Increases to health benefit plan costs slowing down

Inflation factors drop from 15.8 to 14.2 per cent: Survey
|hrreporter.com|Last Updated: 11/03/2011

After two years of increasing inflation in health benefit plan costs, Canadian employers can now expect a break, according to a survey released today by Buck Consultants, A Xerox Company. Insurers have lowered their expected inflation costs for health benefit premiums (including prescription drugs, medical expenses, hospital coverage and dental care) from 15 per cent in 2010 to 14.4 per cent in 2011.

In analyzing the health cost trend assumptions that factor into the premium rate setting of 11 major Canadian insurers, the 2011 Canadian Health Care Trend Survey found insurers have dropped inflation factors for prescription drugs — the fastest-increasing expense paid by group insurance plans — from 15.8 per cent in 2010 to 14.2 per cent in 2011, a 10 per cent drop.

“This is due to two important factors,” said Michele Bossi, leader of Buck’s Canadian health and productivity consulting practice. “In 2010, several provinces implemented generic drug pricing reforms that reduce their cost. Also, the patents expired for several blockbuster pharmaceuticals (such as the top-selling cholesterol drug Lipitor) in 2010, opening the door for lower-cost generic substitutes.”

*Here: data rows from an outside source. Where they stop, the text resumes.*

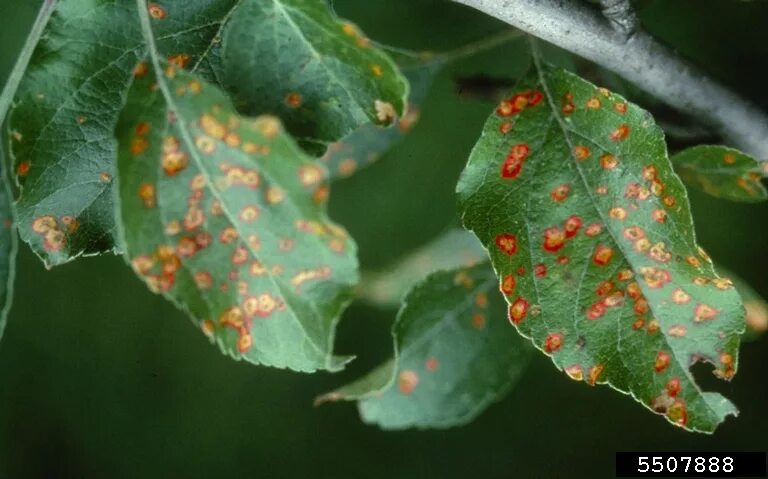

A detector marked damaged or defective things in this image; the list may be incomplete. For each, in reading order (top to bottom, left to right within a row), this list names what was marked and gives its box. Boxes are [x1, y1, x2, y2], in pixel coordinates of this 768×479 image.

orange rust spot [496, 234, 520, 256]
orange rust spot [510, 298, 528, 324]
orange rust spot [544, 334, 564, 352]
orange rust spot [400, 370, 416, 396] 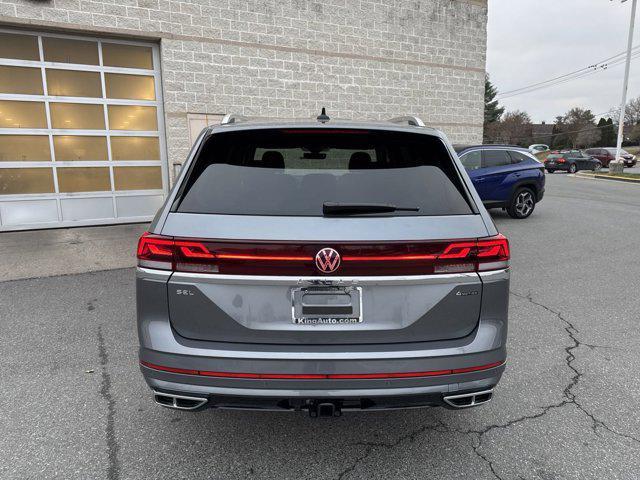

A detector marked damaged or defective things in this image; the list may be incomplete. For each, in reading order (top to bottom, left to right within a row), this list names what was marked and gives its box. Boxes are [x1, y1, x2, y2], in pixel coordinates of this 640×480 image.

parking lot crack [96, 326, 121, 480] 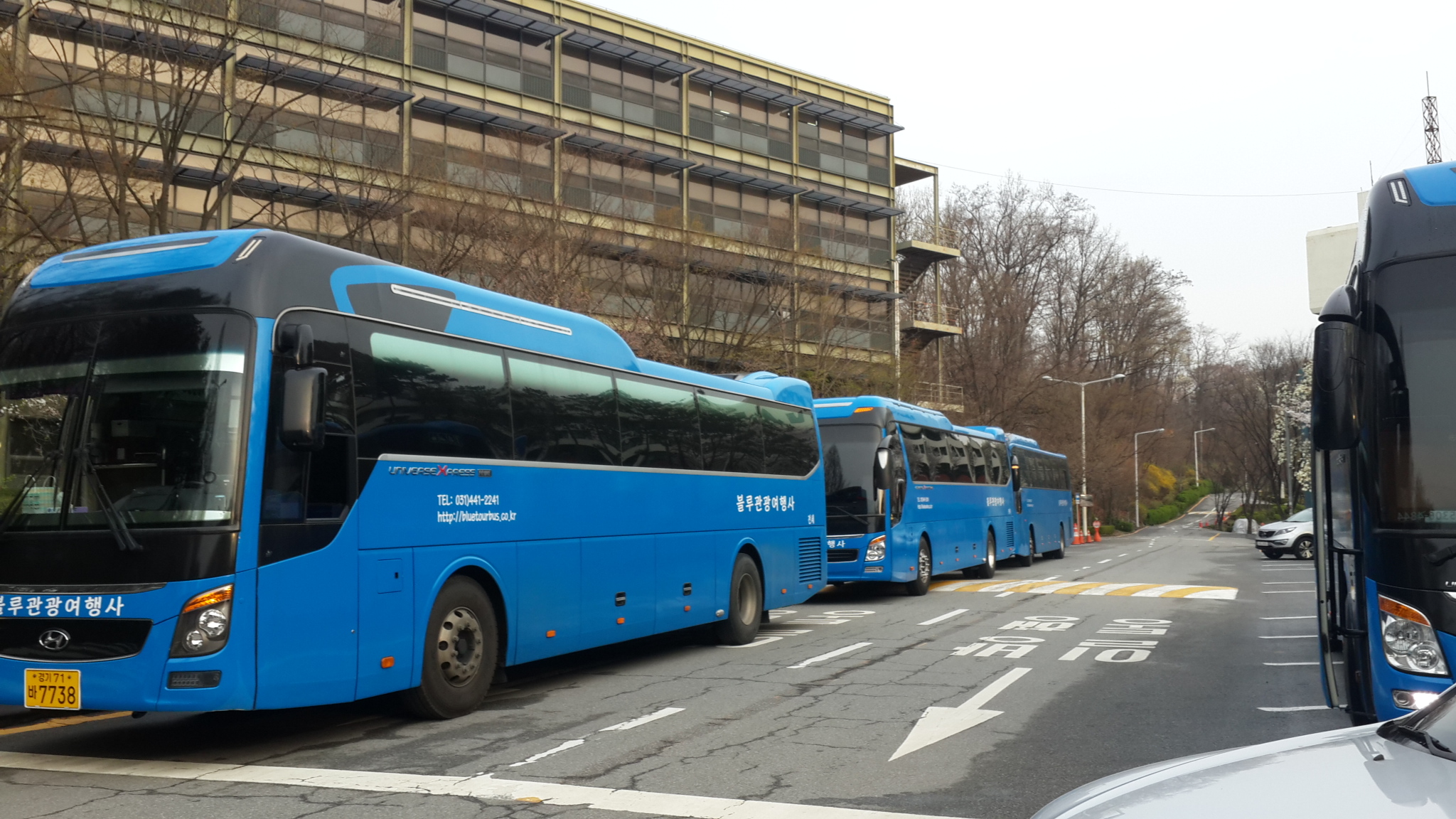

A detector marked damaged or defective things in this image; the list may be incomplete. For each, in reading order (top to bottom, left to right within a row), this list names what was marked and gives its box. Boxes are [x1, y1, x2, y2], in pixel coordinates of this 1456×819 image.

cracked pavement [0, 507, 1339, 810]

The survey shows a downward trend in dental cost inflation across the country (from 8.7 per cent last year to 8.2 per cent in 2011), while hospital inflation factors have seen an overall decline since the end of 2007 (from 10.6 per cent in 2008 to 8.2 per cent in 2011). Use of dental services — a factor that is sensitive to economic conditions — has leveled off, perhaps reflecting increased employee confidence in job retention and availability of benefits. A continuing shift from inpatient to outpatient treatments has been reducing employers’ spend on hospital accommodation.

“This year’s survey results are welcome news for employers,” said Bossi. “The general trend reversal for both health and dental costs could mean we’re finally seeing the impact of wellness programs and a healthier workforce. For now, employers can breathe a sigh of relief that benefit cost trends are finally decelerating.”